Durch einen speziellen Zielbereich, der sich auf das kulturelle Erbe und die Kultur- und Kreativwirtschaft konzentriert, möchte das Programm historische Stätten, Denkmäler, Sprachen, Bräuche und Traditionen schützen und fördern. Beispielsweise Forschungsarbeiten, die sich mit dem Einfluss von Traditionen, Werten und Überzeugungen auf die europäischen Gesellschaften und die Politik des 21. Jahrhunderts befassen. Darüber hinaus zielt die Forschung darauf ab, lokale Sprachen als Träger mündlicher Ausdrucksformen und Traditionen zu stärken, traditionelles Handwerk wiederzubeleben, aufzuwerten und zu fördern, traditionelle Künste zu stärken und europäische Kunst, Kultur und Traditionen in Europa und im Ausland zu fördern.
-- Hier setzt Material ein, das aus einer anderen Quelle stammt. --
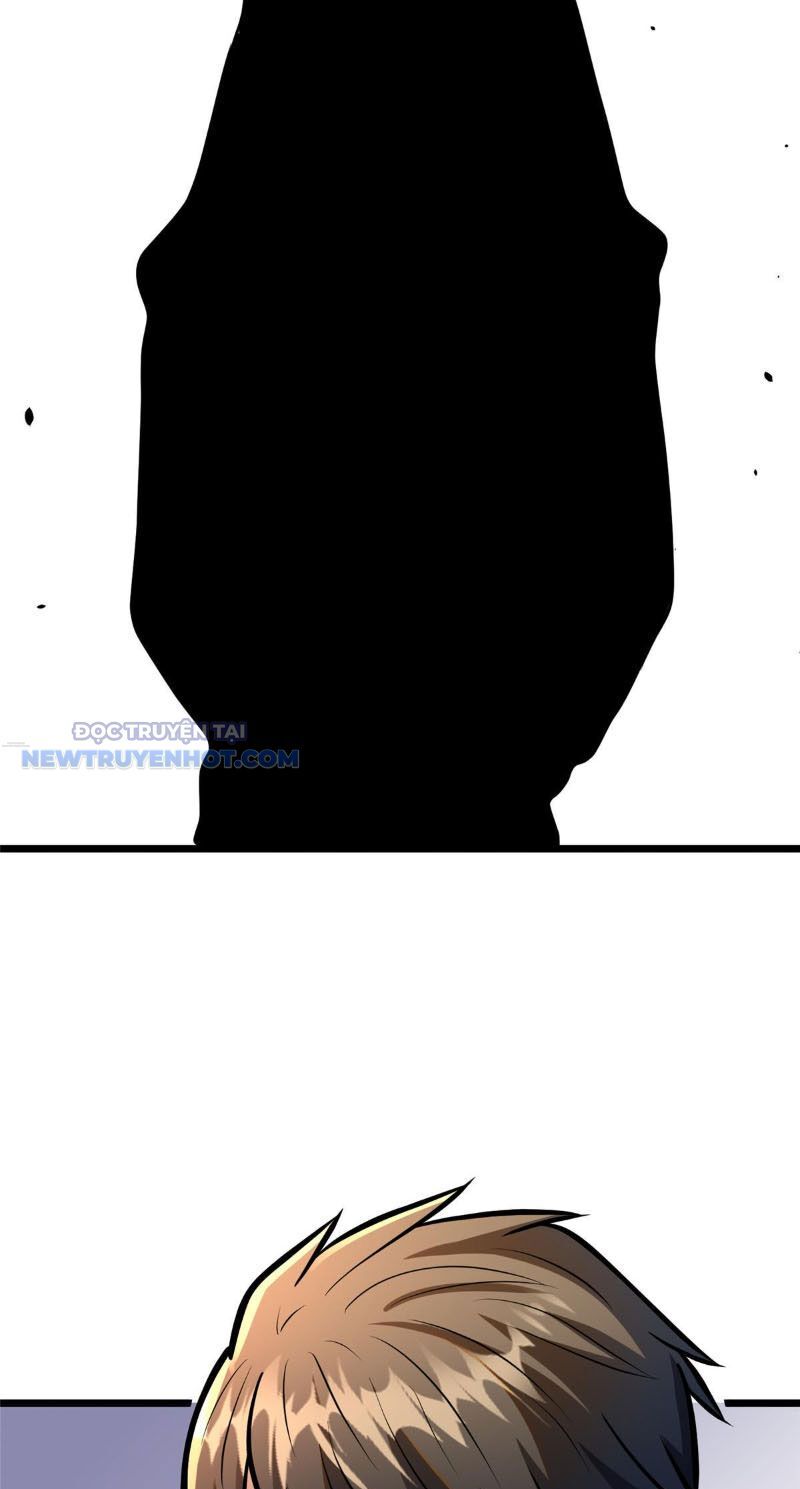 Chương 20 - Trang 12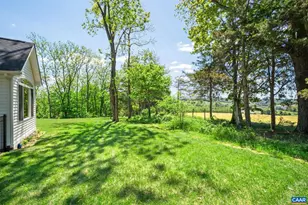 4055 Romney Ct, Rockingham, VA 22802 - Photo 52
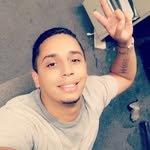 Patrick Carraway - @pcarraway348 - Instagram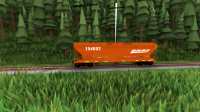 Livery Set2023-01-05 11-52-28.png
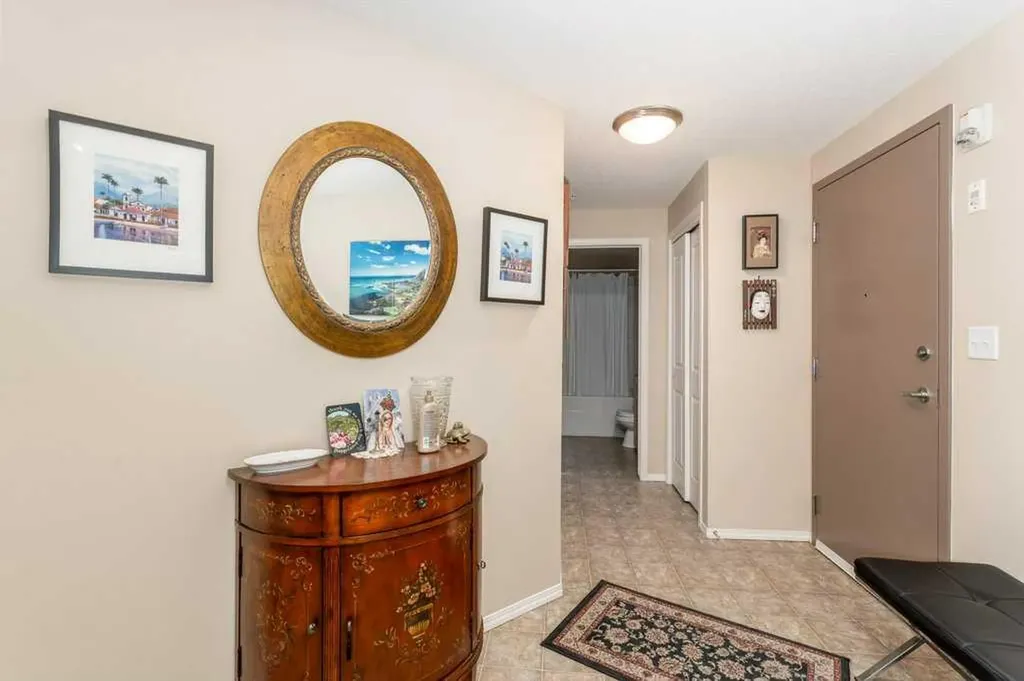 186 Kananaskis Way Canmore AB T1W 0A2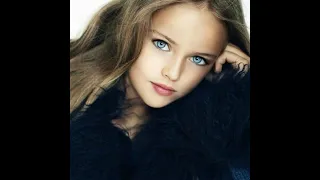 Kristina Pimenova Tribute 2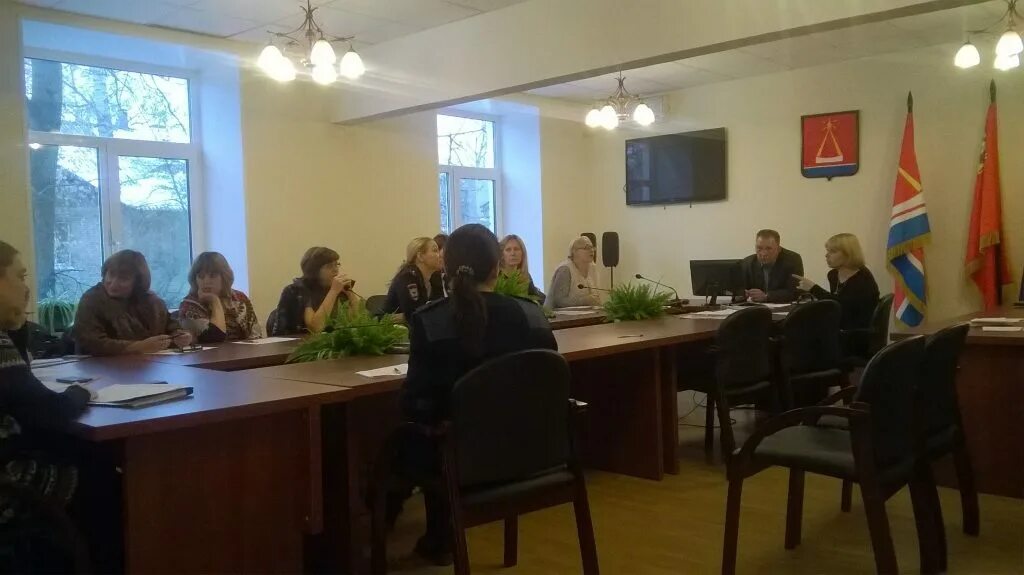 глава администрации лыткарино московской области. работа официально лыткарино. администрация лыткарино фото. администрация лыткарино. москва лыткарино дорога.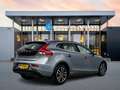 Volvo V40 T2 Automaat Nordic+ Luxury | 16'' | Panoramadak | Gris - thumbnail 3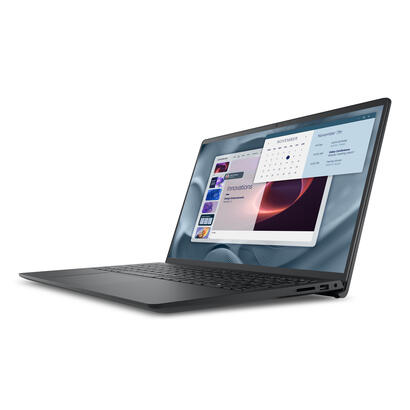portatil-dell-pro-15-essential-pv15250-i7-1355u-16gb-ssd-512gb-156-fhd-w11p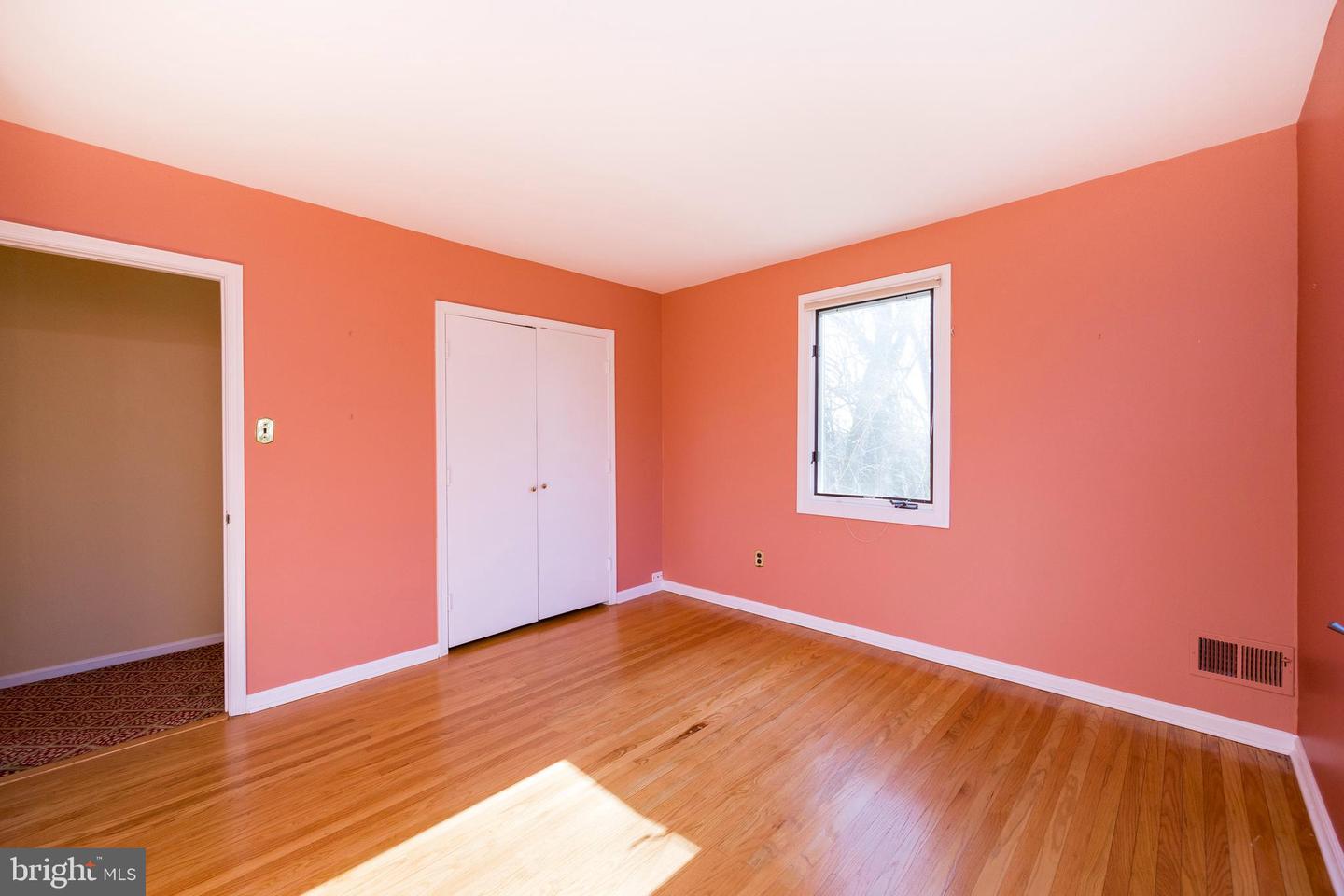 219 Jeffrey Ln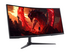 Acer Nitro XZ340CUR X0bmiiphx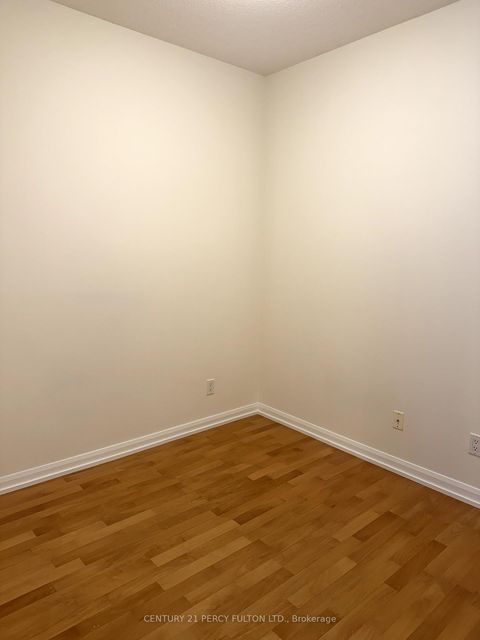 Photo 15 at 1501 - 111 Elizabeth Street, Bay Street Corridor, Toronto
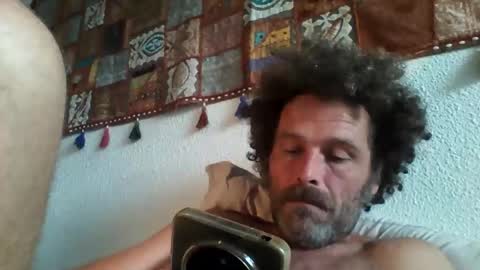 Snapshot of elyjahoye chatting on 09-13-25, 12:05 elyjahoye online show from 09-13-25, 12:05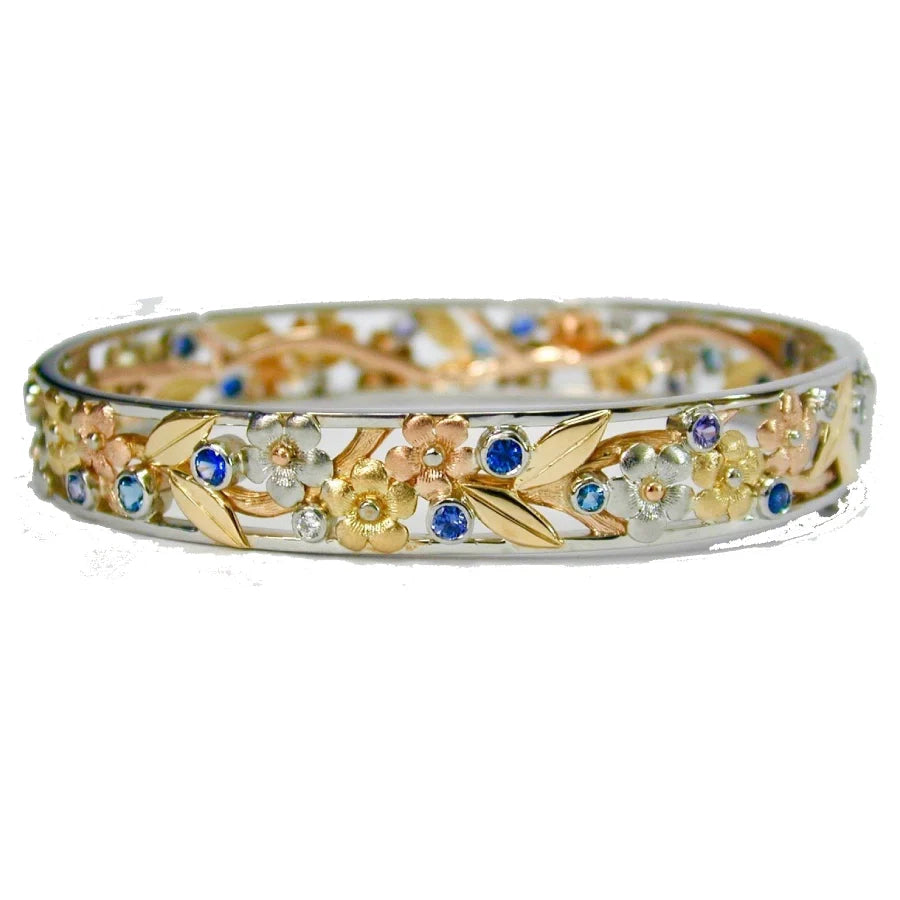 Forget-Me-Not Collection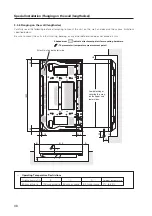 Предварительный просмотр 38 страницы Pioneer PDP-42MXE10 Technical Manual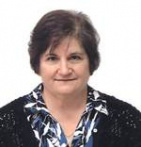 Dr. Lina L Cambria, MD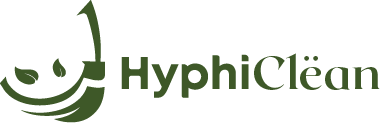 logo-hyphiclean-compact-size-1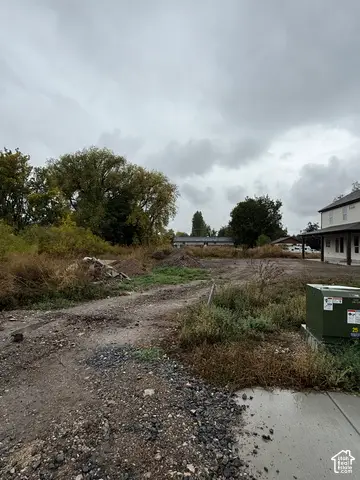 513 Center Ave, Logan, UT 84321 - #3
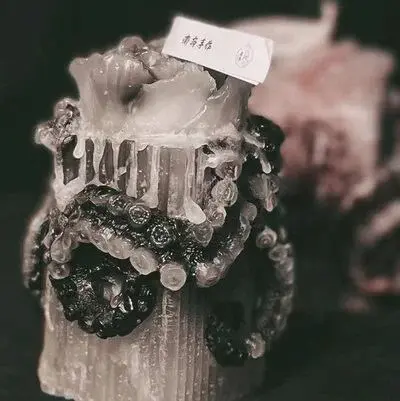 西檬之家Dirty Talk是什么?字母圈新人必看指南 一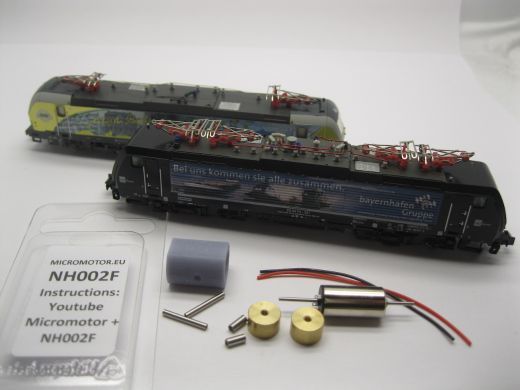 micromotoreu-nh002f-hobbytrain-taurus.jpg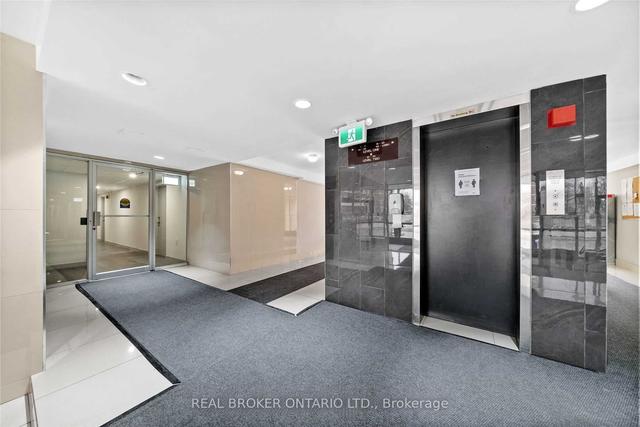 63 - 1624 Bloor St, Townhouse with 3 bedrooms, 2 bathrooms and 2 parking in Mississauga ON | Image 27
Die Forschung fördert und bewahrt Sitten und Gebräuche auch durch Projekte wie das des Kulturtourismus in ländlichen und abgelegenen Gebieten.
- Kohäsionsfonds: Für den Zeitraum 2021-2027 sind 5 Milliarden Euro an EU-Mitteln für die Förderung von Kultur und Kulturerbe vorgesehen.
- Das Flaggschiffprogramm Erasmus+ legt den Schwerpunkt auf Jugend, Kompetenzen und Bildung. Allein im Jahr 2018, dem Europäischen Jahr des Kulturerbes, hat Erasmus+ fast 92 Millionen Euro für 965 Kooperations- und Mobilitätsprojekte zum Thema Kulturerbe bereitgestellt.
- Ein interessantes Projekt ist nach wie vor das Heritage- PRO-Projekt, das den Austausch bewährter Praktiken bei der Erhaltung des kulturellen Erbes zum Ziel hat.
- Im Mai 2023 wurde ein von der EU finanziertes Pilotprojekt ins Leben gerufen, um den European Heritage Hub zu gründen, ein großes, europaweites Kulturerbe-Projekt zur Unterstützung der grünen, sozialen und digitalen Transformation unserer Gesellschaft. Der European Heritage Hub wird zunächst bis April 2025 laufen.
DM: Wie hoch ist das Gesamt-Budget für all diese Programme?
Arturo Caballero Bassedas: Das Gesamtbudget für die oben genannten Programme beträgt 35,72 Milliarden.